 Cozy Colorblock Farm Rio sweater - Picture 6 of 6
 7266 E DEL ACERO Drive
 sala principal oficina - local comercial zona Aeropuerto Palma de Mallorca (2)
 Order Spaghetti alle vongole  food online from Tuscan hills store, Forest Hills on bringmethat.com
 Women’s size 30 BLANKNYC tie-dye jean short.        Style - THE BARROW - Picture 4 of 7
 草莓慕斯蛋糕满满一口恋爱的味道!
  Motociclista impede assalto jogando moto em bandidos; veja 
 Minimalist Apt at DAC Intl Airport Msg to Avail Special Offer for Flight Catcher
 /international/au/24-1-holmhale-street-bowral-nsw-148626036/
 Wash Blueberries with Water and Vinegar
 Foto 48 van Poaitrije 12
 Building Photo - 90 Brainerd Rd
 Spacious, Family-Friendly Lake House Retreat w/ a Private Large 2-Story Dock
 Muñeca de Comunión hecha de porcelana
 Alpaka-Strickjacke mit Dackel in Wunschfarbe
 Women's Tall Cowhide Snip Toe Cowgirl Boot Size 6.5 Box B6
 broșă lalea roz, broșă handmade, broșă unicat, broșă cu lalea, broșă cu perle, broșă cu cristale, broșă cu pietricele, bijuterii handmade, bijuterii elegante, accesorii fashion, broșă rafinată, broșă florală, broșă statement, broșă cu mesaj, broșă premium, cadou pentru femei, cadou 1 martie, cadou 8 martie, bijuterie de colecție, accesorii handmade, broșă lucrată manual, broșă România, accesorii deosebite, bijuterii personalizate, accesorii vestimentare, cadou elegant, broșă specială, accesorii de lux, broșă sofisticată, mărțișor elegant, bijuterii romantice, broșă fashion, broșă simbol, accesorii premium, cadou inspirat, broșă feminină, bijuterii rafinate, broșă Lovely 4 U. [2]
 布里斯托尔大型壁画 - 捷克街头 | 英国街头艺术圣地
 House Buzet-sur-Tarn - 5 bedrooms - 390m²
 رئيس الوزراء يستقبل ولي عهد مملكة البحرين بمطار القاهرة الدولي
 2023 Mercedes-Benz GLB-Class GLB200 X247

──────────────────────────────

Work to be completed
What lines hold the string "Picture"? Pick them out of the data.

Result
 Cozy Colorblock Farm Rio sweater - Picture 6 of 6
 Women’s size 30 BLANKNYC tie-dye jean short.        Style - THE BARROW - Picture 4 of 7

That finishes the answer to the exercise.